TASK REQUIREMENTS:
Look in the listing below for the line that has "4er Set Stuhl", then return it and each following line up to and including the one with "Womens day chocolates", exactly and without pictures.

GIVEN INFORMATION:
────────────────

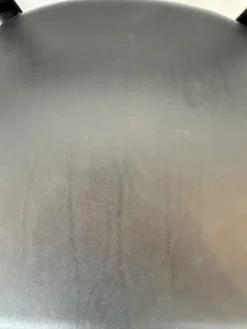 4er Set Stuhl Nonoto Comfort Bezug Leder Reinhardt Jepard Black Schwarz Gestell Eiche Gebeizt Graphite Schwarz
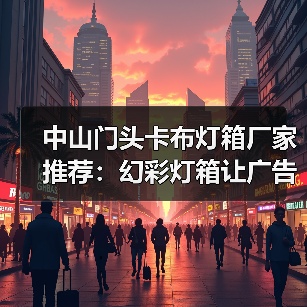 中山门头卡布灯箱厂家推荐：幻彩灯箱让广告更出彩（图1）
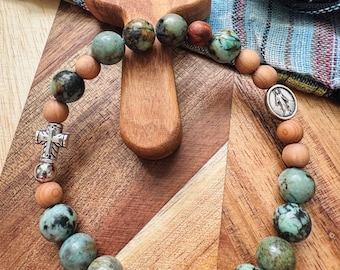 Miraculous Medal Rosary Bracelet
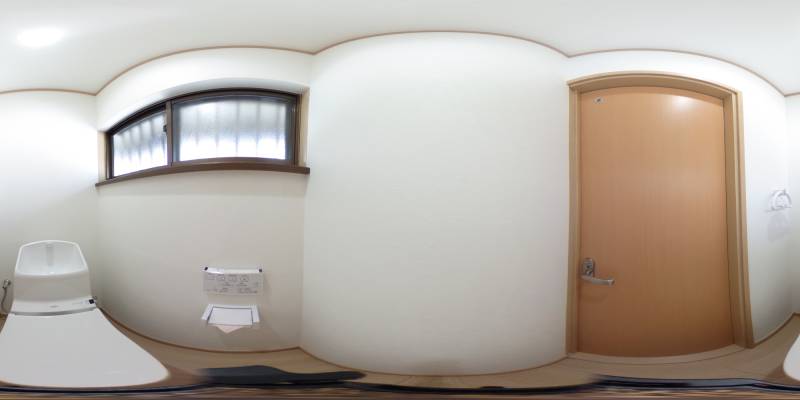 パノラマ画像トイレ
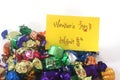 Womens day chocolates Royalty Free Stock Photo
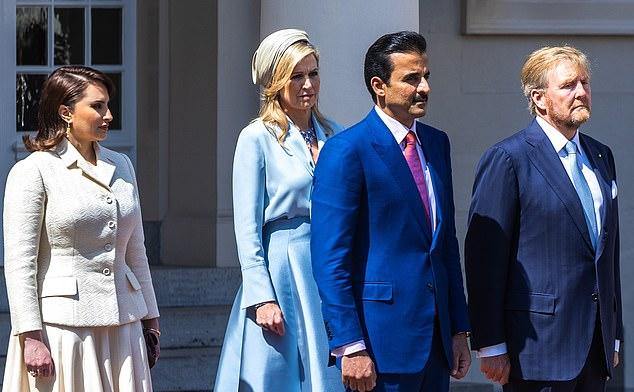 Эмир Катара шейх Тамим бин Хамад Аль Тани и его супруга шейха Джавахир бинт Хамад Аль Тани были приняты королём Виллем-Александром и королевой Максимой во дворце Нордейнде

────────────────

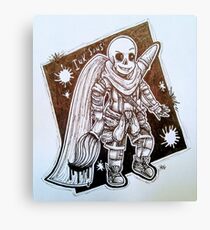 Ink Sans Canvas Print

────────────────

FINAL ANSWER:
 4er Set Stuhl Nonoto Comfort Bezug Leder Reinhardt Jepard Black Schwarz Gestell Eiche Gebeizt Graphite Schwarz
 中山门头卡布灯箱厂家推荐：幻彩灯箱让广告更出彩（图1）
 Miraculous Medal Rosary Bracelet
 パノラマ画像トイレ
 Womens day chocolates Royalty Free Stock Photo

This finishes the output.